Une tension nerveuse extrême
Il ne cache pas sa rancœur, ni son dépit. En neuf ans de métier, il a vu l’infrastructure, "déjà ridicule en 2007" , se délabrer au fil des ans. "Actuellement, on se dit que l’effondrement est proche." Des agents ironisent : si on transfère trop de détenus, pour cause de dégradation, il n’en restera plus assez pour tenir les murs debout.
Geoffrey est chef de quartier depuis novembre 2014. "Suivant mon affectation du jour, j’ai sous ma responsabilité entre 100 et 200 détenus et entre 6 et 8 agents. Ça, c’est la théorie. Dans les faits, j’en ai 4 ou 5 parce que les effectifs ne correspondent pas au cadre prévu." Et parce qu’il y a beaucoup de malades…
C’est compréhensible, dit l’agent, les conditions de travail sont déplorables : à la poussière, aux odeurs, à la crasse, à la gale et à la tuberculose vient s’ajouter la tension nerveuse, extrême. "Si vous voyiez tout ce qu’on voit… Ce n’est pas le genre de choses qu’on a envie de ramener à la maison. Entre les tentatives de suicides, les suicides réussis et les overdoses, il y a les automutilations et les agressions… Il faut pouvoir résister à tout ça…"

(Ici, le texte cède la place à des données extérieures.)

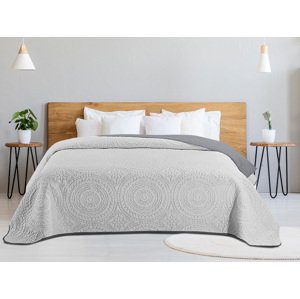 Přehoz na postel se vzorem ORIENT 220x240 cm světle šedý/ tmavě šedý
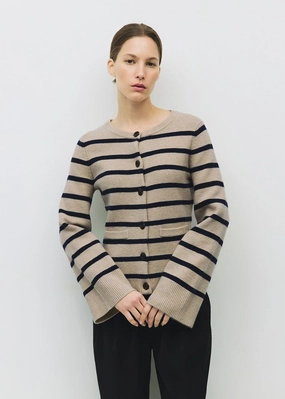 The Cindy Cardigan - Taupe & Navy Soft Layering Lightweight Wear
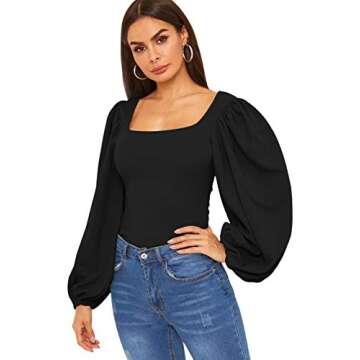 Stylish ROMWE Women's Long Puff Sleeve Black Crop Top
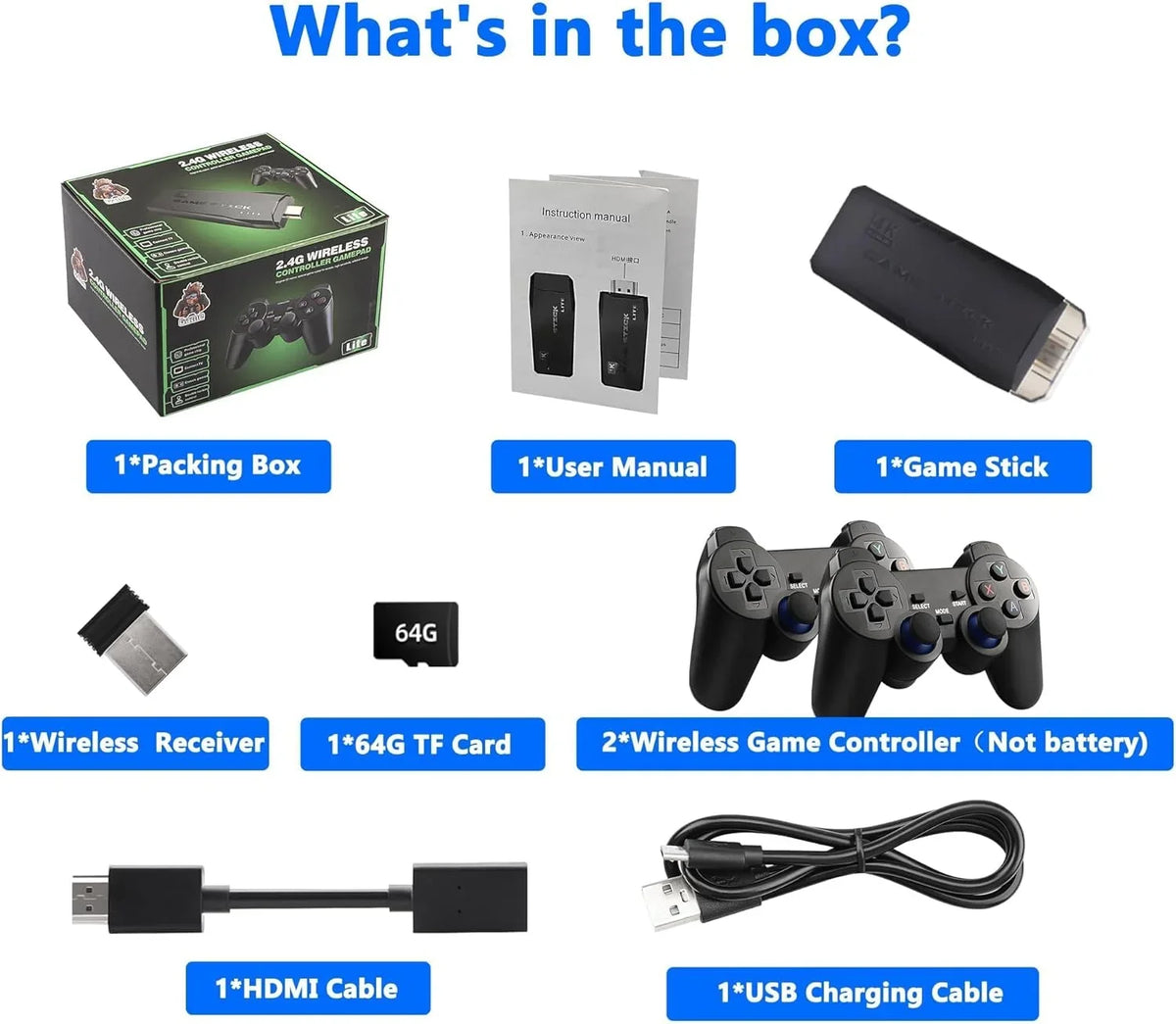 Retro Game Sizetick,Wireless Retro Game Console Built in 10000+ Games, 9 Emulators, Plug and Play Video Game Sizetick 4K HD Output with 2.4GHz Wireless Controllers (64G)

Pas de psy pour le personnel
C’est un milieu tellement à part qu’on ne tient que grâce à l’entraide et au soutien des collègues, explique Geoffrey. "Je me souviens d’une pendaison. Un détenu qui n’avait pas de famille, pas de visite. On l’a découvert et on lui a donné les premiers secours pendant 20 minutes. Quoi qu’on dise, c’est quand même un choc. Personne n’est venu nous demander comment ça allait. En prison, il n’y a pas de psychologue pour le personnel."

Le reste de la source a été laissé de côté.